## MATERIAL FOR THE TASK
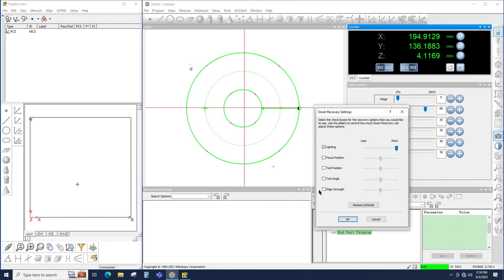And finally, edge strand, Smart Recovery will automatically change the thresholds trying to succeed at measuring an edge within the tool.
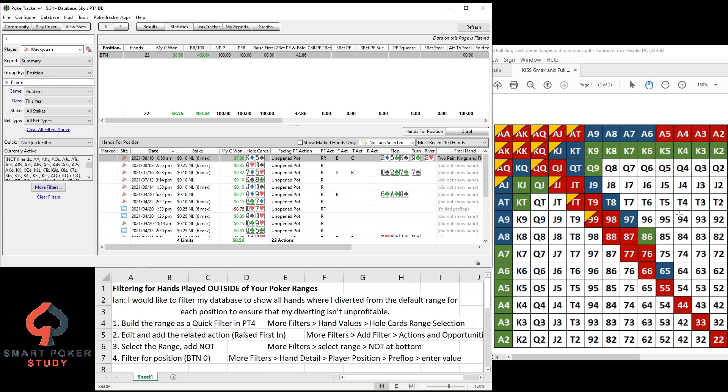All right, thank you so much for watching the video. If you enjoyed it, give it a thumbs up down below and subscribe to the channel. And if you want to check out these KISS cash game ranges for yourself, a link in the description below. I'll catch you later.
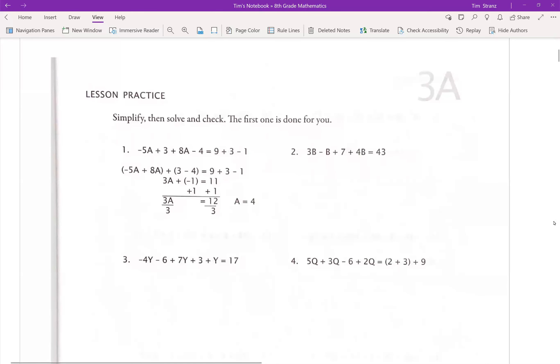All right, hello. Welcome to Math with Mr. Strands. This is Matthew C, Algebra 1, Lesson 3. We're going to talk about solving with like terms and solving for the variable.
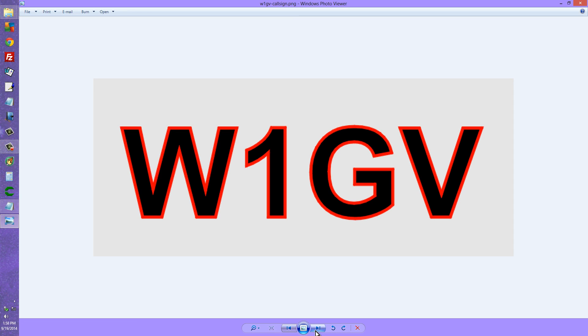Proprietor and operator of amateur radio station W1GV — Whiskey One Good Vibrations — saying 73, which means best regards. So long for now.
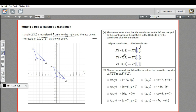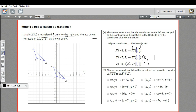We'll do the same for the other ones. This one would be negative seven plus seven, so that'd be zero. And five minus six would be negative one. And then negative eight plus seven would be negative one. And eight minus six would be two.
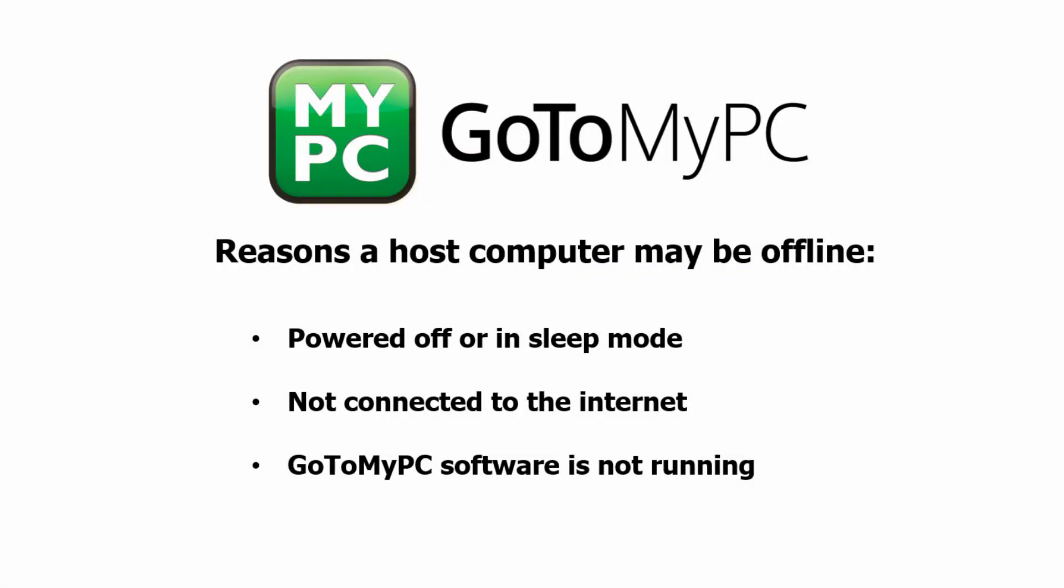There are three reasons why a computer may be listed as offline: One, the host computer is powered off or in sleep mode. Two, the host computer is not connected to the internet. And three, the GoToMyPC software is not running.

...

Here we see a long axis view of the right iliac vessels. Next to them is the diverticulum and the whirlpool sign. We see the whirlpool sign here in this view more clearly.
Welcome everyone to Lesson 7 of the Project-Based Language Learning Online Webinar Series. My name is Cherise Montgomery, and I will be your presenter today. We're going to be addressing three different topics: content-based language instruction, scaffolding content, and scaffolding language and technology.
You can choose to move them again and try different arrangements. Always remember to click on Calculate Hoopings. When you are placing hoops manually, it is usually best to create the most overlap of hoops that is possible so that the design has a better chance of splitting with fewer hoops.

## AIM OF THE TASK
Everything above from the line containing "Welcome everyone to" down to the line containing "You can choose" is to be transcribed exactly, with both of those lines included and nothing else added.

## EXERCISE RESULT
Welcome everyone to Lesson 7 of the Project-Based Language Learning Online Webinar Series. My name is Cherise Montgomery, and I will be your presenter today. We're going to be addressing three different topics: content-based language instruction, scaffolding content, and scaffolding language and technology.
You can choose to move them again and try different arrangements. Always remember to click on Calculate Hoopings. When you are placing hoops manually, it is usually best to create the most overlap of hoops that is possible so that the design has a better chance of splitting with fewer hoops.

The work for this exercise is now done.